To George Washington from Pierce Butler, 6 August 1789
From Pierce Butler
[New York] August the 6th 1789
Sir
I have the honor to inclose to You a letter that came under Cover to me, and which I have just now rec’d from Mrs Greene.1 I have the honor to be Yr Excellencys most Obedt Servt
P. Butler
ALS, DLC:GW.
1. The endorsement to this letter notes that the enclosure was “a Letter from Mr Jas Seagrove,” possibly Seagrove’s letter to GW of 24 July.
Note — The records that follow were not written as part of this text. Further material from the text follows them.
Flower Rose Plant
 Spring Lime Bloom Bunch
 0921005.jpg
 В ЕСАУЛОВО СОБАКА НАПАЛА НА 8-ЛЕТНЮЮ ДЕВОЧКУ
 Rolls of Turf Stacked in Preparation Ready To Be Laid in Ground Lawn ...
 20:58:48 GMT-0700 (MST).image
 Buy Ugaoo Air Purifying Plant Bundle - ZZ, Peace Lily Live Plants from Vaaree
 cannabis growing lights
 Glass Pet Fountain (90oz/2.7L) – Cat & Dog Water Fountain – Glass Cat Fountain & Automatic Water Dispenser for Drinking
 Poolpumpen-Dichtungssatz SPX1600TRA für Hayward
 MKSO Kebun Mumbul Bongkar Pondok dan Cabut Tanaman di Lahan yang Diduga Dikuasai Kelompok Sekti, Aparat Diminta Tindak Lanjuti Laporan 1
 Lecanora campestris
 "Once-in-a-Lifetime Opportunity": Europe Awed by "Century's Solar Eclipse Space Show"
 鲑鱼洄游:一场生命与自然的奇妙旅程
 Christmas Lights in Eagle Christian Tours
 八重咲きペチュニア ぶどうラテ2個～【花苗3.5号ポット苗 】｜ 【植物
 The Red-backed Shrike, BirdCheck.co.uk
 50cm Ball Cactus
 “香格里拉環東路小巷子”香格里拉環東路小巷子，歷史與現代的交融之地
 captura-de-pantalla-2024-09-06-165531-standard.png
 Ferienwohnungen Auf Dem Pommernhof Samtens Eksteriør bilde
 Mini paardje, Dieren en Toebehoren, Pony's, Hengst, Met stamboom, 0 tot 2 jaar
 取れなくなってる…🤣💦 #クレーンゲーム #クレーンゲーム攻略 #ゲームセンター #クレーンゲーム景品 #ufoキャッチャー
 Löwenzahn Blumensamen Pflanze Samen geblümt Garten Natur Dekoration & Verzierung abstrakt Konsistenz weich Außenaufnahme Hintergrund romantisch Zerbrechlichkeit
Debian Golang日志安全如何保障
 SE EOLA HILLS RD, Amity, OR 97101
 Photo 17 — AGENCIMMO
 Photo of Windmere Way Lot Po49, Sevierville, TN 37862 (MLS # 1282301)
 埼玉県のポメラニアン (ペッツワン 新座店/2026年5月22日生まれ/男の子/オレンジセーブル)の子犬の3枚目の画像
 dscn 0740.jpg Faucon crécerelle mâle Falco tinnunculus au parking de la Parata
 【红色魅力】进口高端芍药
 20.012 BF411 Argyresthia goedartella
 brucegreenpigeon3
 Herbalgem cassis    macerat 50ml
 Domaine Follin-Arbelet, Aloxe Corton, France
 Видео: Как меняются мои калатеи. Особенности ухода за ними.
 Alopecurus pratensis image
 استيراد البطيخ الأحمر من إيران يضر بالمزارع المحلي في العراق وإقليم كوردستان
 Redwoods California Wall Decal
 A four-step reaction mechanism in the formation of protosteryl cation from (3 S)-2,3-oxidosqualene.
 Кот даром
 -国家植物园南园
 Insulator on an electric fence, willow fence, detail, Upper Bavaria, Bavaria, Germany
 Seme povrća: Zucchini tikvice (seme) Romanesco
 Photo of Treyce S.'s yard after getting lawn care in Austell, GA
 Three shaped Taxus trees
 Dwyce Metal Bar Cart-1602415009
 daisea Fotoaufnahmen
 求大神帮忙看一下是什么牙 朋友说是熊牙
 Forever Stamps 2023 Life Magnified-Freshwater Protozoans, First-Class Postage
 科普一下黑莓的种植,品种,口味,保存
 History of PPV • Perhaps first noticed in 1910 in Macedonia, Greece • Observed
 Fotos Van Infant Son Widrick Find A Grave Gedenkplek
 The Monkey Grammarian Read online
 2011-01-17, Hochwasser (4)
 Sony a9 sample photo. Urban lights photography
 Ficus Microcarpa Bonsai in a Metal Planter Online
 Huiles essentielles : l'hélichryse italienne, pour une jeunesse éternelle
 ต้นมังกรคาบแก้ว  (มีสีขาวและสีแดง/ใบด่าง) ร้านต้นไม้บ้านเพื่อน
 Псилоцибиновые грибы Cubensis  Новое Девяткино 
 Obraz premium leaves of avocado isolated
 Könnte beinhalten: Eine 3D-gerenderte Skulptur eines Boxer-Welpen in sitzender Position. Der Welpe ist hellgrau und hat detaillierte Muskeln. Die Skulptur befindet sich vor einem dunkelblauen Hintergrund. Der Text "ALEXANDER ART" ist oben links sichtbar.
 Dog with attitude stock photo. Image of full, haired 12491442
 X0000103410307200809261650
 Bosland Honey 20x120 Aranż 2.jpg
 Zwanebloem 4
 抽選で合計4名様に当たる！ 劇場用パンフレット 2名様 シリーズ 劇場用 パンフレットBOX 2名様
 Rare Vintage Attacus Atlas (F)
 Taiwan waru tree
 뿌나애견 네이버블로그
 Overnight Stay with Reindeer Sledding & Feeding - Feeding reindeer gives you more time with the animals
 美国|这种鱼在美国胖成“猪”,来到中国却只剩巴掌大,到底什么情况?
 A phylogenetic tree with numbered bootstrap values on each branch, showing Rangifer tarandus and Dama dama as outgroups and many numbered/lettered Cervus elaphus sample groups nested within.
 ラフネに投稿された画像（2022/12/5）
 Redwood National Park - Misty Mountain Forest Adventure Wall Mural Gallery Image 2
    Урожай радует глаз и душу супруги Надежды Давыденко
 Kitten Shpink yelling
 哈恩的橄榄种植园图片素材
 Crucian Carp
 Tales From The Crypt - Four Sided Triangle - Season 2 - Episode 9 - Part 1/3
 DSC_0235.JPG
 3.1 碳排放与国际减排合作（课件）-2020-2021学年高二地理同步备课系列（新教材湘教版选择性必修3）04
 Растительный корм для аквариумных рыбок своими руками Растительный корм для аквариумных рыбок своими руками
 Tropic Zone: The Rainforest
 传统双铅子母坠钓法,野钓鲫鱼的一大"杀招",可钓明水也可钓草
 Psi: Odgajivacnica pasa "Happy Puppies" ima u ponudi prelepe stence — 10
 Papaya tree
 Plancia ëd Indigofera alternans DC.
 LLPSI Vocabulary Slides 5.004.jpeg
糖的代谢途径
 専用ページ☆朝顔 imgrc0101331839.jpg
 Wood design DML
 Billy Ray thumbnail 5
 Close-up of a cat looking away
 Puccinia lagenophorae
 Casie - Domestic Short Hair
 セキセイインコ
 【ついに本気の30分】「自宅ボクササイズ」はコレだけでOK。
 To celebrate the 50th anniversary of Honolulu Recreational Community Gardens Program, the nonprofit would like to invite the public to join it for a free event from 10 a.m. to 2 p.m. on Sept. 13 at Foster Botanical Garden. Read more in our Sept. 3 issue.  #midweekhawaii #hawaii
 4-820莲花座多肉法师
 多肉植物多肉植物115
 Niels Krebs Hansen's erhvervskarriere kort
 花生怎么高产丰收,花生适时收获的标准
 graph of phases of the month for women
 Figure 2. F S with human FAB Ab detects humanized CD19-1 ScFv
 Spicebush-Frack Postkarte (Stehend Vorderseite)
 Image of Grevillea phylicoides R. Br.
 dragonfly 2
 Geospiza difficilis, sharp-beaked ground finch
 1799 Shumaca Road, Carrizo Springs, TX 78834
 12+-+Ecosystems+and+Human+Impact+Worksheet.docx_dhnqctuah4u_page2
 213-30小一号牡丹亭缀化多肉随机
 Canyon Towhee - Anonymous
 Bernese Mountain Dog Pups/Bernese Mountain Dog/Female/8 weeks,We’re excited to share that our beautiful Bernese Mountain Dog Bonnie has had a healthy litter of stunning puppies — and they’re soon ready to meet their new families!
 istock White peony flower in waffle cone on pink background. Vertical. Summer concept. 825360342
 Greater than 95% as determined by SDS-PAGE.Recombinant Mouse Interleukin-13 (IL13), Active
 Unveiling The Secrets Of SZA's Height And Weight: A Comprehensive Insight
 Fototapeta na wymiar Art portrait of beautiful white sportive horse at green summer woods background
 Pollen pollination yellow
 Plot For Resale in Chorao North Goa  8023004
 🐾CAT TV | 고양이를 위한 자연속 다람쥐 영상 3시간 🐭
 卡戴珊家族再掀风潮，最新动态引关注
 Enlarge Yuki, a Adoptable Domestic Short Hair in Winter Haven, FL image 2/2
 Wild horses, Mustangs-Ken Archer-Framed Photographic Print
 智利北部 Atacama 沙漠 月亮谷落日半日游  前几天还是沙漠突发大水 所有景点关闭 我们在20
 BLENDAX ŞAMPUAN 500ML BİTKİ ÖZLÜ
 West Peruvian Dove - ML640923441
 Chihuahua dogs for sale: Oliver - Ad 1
Catharine Littlefield Greene (1755–1814), widow of Gen. Nathanael Greene, had recently arrived in New York from her plantation in Georgia. She spent the summer of 1789 in the city, pressing for congressional settlement of her husband’s Revolutionary War accounts and pursuing an active social life including frequent invitations from the Washingtons. As she wrote Nathaniel Pendleton on 7 Aug., “I have been most graciously received by the President and his Lady—and am to dine with them tomorrow—a very great honor I can assure you[.] on Levee Days No person presumes to sit in his presents—and he is treated in most respects as if he had a crown he however did me the honor to give me a kiss for which I made my best cortesy and thanked him” (NHi: Nathaniel Pendleton Papers).